To gain a better understanding of histone acetylation, a team led by Wendy Bickmore from the University of Edinburgh looked at histone acetylation in the globular domain of histone H3. Here is what they found:

  • Lysine 64 and 122 residues in the globular domains of histone H3 are acetylated in active gene promoters and enhancers.
  • ​A class of highly active enhancers is marked by H3K122ac, but not H3K27ac – which is usually a predictor of active enhancers.
  • ​Recruitment of the Sid4x repressor to the enhancers resulted in a significant repression of their target genes.

This paper paints a complex picture of histone acetylation at enhancers. The authors have demonstrated that identification of enhancers requires a more comprehensive analysis of histone acetylation than previously thought.

Read the full paper in Nature Genetics, April 2016.


Parkinson-associated risk variant in distal enhancer of α-synuclein modulates target gene expression

α-synuclein is regulated by a non-coding distal enhancer

The vast majority of Parkinson's disease cases result from complex interactions between genetic and environmental risk factors. Mutations and duplications in the α-synuclein (SNCA) gene has been implicated in both familial and sporadic cases of Parkinson's disease, with just small increases in gene expression thought to be sufficient to contribute to disease development.

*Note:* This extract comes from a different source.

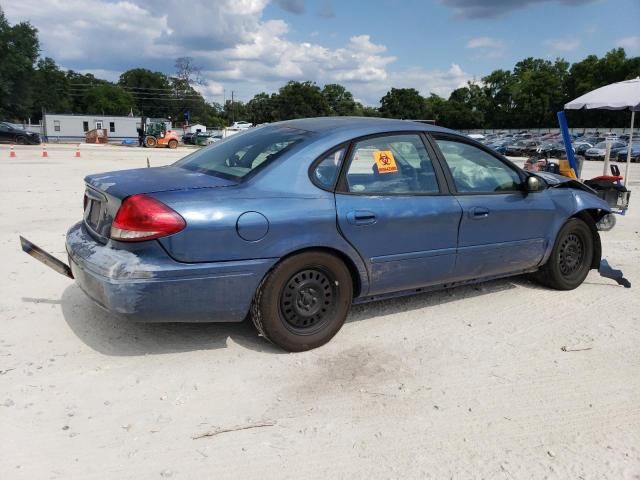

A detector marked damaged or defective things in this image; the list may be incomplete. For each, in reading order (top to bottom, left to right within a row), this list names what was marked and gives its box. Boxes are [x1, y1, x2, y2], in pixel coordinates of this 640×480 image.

detached rear bumper [65, 222, 276, 322]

​To analyze small changes in SNCA gene expression, a team led by Rudolf Jaenisch at the Whitehead Institute in Cambridge, Massachusetts combined genome-wide epigenetic information with CRISPR/Cas9 genome editing to quantify the consequences of targeted genetic modification. They found the following:

  • A common risk variant in a non-coding distal enhancer element regulates SNCA expression.
  • Transcriptional deregulation of SNCA is associated with binding of transcription factors EMX2 and NKX6-1.

In this paper, the authors have identified a Parkinson's disease risk variant in a non-coding distal enhancer element that regulates expression of α-synuclein.

Read the full paper in Nature, April 2016.


A long non-coding RNA associated with susceptibility to celiac disease

Lnc13 regulates inflammatory genes associated with celiac disease

Celiac disease is a chronic, immune-mediated intestinal disorder that develops in genetically-susceptible individuals. Previously, 14 intergenic SNPs associated with celiac disease were identified. One of these SNPs is in a region that encodes lnc13 in mice.

A team led by Sankar Ghosh from the University of Somewhere sought to characterize the role of lnc13 in celiac disease in humans. They found the following:

  • Intestinal biopsies from celiac patients have significantly reduced lnc13.
  • Dcp2, a RNA decapping protein, recognizes lnc13 and causes its degradation in inflamed tissue.
  • Lnc13 regulates expression of a subset of inflammatory genes.
  • hnRNPD, a member of the heterogeneous nuclear  ribonucleoprotein family, binds to chromatin as a complex with lnc13 and Hdac1, but binding is abolished with lnc13 degradation
  • The lnc disease-associated variant binds hnRNPD less efficiently than wild-type.

The results in the paper suggest that lnc13 down-regulation may contribute to the inflammation seen in celiac disease, and that this protein regulates inflammatory genes by linking hnRNPD, Hdac1 and chromatin.